Impossible Projects…for more than 49 years, WHALE has saved historic buildings

  • March 7, 2011

Pictured: Andrew Robeson House , circa 1821– (L) Andrew Robeson House being moved down William Street after being saved from demolition by WHALE to its new lot. (R) Andrew Robeson House fully restored on its new lot at 32 William Street, New Bedford.

For more than 49 years, WHALE has saved historic buildings in New Bedford when no one else could, changing the way New Bedford looks forever. By saving significant pieces of our history and architectural heritage, WHALE has ensured that New Bedford remains a special place with irreplaceable connections to our past that serve as unique places for people to live, work, play, and learn.  Without WHALE’s preservation efforts, New Bedford, especially the historic core of New Bedford, would look vastly different today.

WHALE is not an ordinary 501 c3 organization. As an award-winning and nationally recognized historic preservation organization, WHALE takes on “impossible” preservation projects that no one else can. And, WHALE has never failed. WHALE, time and time again, puts the entire organization on the line to step in and rescue an endangered historically significant building that no one else can. And, why can’t anyone else? It’s simple. The sheer cost of rehabilitating these blighted and neglected historic properties far outweigh the return on investment – making them “impossible” preservation projects for the private sector to handle. Only a nonprofit like WHALE, committed at all costs to saving these buildings, can secure grants, private donations, and other subsidies that make these astronomical projects a reality. WHALE is in the business of making dreams comes true and WHALE develops strong partnerships with the City of New Bedford and area organizations to achieve its preservation goals. With the strong support of our members and friends in the greater New Bedford community, WHALE is proud to boast a 100% success rate on its projects.

All of WHALE’s 46 preservation projects were slated for demolition or inappropriate development, ravaged by fire, and/or suffered from years of neglect and deterioration. WHALE’s projects are never for the faint at heart nor are they inexpensive.

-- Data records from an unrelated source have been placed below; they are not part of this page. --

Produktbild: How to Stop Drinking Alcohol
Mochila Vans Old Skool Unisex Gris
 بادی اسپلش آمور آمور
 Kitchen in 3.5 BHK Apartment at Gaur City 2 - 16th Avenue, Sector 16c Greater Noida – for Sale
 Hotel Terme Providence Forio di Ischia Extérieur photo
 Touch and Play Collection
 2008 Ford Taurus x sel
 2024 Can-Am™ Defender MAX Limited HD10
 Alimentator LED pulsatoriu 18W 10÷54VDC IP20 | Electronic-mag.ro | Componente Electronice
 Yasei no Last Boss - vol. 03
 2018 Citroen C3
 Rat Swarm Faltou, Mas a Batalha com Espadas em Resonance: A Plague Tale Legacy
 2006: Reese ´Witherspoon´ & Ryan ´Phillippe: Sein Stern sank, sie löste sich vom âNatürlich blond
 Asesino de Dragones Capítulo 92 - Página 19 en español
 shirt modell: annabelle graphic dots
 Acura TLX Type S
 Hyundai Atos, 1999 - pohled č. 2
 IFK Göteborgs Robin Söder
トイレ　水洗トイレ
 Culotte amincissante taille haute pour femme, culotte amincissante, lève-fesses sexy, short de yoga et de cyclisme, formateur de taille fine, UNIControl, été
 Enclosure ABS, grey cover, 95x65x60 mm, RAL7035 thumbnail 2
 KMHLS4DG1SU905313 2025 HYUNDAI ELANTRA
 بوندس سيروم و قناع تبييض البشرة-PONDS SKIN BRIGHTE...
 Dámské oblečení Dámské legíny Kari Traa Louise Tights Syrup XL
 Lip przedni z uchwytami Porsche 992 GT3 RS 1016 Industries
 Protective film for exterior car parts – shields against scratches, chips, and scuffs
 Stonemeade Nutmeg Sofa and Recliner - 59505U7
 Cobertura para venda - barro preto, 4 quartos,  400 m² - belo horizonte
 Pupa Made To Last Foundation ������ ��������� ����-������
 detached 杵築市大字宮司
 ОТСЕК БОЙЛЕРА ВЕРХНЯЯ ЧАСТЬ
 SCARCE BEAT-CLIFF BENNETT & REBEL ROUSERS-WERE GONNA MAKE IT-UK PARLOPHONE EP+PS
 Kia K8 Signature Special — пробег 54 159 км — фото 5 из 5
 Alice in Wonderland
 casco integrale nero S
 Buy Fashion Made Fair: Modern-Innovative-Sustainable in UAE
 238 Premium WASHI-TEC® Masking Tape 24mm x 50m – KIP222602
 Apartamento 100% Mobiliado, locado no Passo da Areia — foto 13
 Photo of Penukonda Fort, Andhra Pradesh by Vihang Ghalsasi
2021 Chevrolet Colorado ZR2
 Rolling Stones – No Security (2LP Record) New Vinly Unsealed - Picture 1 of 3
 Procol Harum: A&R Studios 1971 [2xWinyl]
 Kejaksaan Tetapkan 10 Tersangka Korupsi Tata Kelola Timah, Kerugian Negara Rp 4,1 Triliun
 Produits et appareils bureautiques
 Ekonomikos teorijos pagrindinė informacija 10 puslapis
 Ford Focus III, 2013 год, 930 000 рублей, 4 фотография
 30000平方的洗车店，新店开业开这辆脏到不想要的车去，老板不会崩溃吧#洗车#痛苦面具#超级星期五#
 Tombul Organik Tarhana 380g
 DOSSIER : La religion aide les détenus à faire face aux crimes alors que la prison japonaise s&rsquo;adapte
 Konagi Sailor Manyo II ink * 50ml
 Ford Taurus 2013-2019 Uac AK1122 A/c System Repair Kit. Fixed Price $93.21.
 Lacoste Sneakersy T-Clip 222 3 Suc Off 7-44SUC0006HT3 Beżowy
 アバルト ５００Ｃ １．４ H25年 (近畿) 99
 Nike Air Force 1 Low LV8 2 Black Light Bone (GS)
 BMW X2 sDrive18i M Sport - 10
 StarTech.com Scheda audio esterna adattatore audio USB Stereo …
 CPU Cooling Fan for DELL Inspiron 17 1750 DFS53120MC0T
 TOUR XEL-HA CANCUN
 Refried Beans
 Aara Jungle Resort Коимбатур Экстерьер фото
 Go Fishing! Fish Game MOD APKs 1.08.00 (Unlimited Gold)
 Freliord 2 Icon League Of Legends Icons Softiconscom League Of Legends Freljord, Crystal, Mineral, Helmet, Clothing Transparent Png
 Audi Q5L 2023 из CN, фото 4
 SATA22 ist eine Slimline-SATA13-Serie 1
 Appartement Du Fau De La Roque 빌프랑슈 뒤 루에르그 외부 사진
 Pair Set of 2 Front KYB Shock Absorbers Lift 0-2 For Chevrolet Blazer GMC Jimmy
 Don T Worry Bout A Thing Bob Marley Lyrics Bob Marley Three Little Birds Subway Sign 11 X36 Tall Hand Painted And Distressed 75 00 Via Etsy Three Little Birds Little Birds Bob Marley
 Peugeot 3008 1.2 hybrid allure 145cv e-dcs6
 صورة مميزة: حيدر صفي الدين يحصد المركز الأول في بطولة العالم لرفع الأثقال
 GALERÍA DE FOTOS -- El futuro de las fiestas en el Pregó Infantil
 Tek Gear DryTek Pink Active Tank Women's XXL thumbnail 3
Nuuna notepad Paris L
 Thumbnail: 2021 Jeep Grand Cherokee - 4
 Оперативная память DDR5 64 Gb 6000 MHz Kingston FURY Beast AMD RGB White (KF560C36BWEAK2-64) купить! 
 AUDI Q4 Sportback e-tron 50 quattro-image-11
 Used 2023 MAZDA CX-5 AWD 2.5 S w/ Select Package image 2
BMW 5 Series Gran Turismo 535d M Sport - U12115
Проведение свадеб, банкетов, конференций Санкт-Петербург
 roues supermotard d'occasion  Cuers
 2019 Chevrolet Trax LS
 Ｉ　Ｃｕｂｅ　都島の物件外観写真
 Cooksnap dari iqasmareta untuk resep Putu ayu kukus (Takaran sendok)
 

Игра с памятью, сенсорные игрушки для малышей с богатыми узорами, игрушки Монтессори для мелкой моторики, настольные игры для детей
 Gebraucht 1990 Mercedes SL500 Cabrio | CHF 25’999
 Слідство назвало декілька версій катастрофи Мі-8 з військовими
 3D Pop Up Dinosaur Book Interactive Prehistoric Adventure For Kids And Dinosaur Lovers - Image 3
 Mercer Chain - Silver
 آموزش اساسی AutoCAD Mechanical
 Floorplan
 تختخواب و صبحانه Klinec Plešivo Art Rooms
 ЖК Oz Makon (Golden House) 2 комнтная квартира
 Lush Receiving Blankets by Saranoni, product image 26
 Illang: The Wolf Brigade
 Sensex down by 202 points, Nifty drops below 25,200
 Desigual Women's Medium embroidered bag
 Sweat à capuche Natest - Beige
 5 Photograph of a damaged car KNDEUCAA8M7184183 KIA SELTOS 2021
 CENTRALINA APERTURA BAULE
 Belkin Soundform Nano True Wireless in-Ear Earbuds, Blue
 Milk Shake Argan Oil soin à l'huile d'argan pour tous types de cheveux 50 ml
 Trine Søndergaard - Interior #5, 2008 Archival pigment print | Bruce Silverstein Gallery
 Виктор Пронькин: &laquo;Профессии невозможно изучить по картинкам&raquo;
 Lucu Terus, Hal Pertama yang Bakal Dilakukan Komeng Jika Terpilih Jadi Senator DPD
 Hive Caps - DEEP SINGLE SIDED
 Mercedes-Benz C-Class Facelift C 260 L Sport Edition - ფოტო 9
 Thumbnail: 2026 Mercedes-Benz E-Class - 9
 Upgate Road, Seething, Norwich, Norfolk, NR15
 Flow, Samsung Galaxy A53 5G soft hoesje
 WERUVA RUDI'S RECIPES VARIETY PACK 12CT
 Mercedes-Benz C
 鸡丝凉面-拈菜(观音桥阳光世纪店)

But, they are all worthy of preservation and rehabilitation and today continue to positively contribute to New Bedford by contributing to their neighborhood and the valuations of nearby properties,  returning to the tax rolls when privately owned, and serving as cultural icons in our community such as the Zeiterion Theatre and the Rotch-Jones-Duff House and Garden Museum. In WHALE’s preservation projects, people are working, living, and learning in interesting places that tie us to our past, build our community’s character, and keep us a special place.

For more information on our past projects click here.

Andrew Robeson House

This 550-ton brick and stone mansion was rescued by WHALE to prevent its demolition and moved down city streets to its present site. It was stuck in the middle of William Street for one month because the blizzard of 1978 dropped three feet of snow on New Bedford.  Designed in the Federal style, the residence is an outstanding example of New Bedford’s prosperity during the golden age of whaling. Today it is privately owned, back on the tax rolls, and provides an interesting place to call home for a number of local businesses.